Python 3.8.0b1 is available for testing - nas
https://www.python.org/downloads/release/python-380b1/
======
xtreak29
* f-string debugging.

* `python -m asyncio` gives a async repl that supports top level await statements.

* unittest.mock now has AsyncMock that can mock async for, async with and other async related code.

* math.comb to compute binomial coefficients. math.perm and math.isqrt were added.

* unittest gained support for async test case.

* importlib.metadata got merged providing API to access package metadata.

* Threading module now has an API to get native thread ID.

* multiprocessing.parent_process got added.

PEPs merged. 4 PEPs were merged in a single day with a week before beta
release.

* [Runtime audit hooks got merged PEP 578]([https://bugs.python.org/issue36842](https://bugs.python.org/issue36842))

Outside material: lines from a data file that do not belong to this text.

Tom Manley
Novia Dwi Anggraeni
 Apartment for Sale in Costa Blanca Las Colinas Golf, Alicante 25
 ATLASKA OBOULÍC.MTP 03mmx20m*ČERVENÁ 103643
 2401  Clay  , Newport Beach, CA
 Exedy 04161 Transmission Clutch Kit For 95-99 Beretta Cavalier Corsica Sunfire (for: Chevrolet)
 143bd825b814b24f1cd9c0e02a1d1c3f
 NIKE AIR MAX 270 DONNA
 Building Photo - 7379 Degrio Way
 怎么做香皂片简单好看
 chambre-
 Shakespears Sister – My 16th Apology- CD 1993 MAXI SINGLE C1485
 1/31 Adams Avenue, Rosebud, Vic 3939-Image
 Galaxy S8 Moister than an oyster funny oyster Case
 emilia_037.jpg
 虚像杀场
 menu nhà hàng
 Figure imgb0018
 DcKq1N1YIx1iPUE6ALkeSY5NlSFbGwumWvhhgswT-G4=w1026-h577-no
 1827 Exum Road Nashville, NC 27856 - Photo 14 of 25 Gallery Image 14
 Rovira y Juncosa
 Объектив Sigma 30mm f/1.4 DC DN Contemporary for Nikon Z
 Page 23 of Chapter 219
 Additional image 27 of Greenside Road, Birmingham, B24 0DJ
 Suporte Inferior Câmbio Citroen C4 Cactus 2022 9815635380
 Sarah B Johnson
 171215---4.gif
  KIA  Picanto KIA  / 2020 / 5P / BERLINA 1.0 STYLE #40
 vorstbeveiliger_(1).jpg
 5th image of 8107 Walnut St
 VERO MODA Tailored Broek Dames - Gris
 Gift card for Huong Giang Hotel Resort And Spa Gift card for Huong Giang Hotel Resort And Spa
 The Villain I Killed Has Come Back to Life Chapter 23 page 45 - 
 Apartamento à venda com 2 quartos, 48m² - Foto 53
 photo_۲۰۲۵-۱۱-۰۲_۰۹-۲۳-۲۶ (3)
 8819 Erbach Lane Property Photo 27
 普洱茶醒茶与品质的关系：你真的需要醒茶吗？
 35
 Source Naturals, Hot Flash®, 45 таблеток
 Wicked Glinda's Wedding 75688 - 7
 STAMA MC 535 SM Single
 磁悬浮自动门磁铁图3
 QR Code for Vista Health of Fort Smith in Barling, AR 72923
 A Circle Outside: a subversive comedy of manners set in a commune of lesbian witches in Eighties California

* typing related PEPs were merged : Add final qualifier (PEP 591), Literal types (PEP 586) and TypedDict (PEP 589)

* [Python embedding got better with PEP 587]([https://bugs.python.org/issue36763](https://bugs.python.org/issue36763))

* [Vectorcall for functions got merged PEP 590]([https://bugs.python.org/issue36922](https://bugs.python.org/issue36922))

* [New pickle protocol with performance improvements PEP 574]([https://bugs.python.org/issue36785](https://bugs.python.org/issue36785))

------
nas
The beta is now out. The big incompatible change is probably PyCode_New() (in
order to support positional only parameters). At least Cython is broken by
this change, probably other extensions. Hopefully it will not be long for that
to be fixed.

Lots of other neat changes. The f-string debugging with '=' will be handy.
There are a number of minor speedups and so this should be the fastest Python
yet released.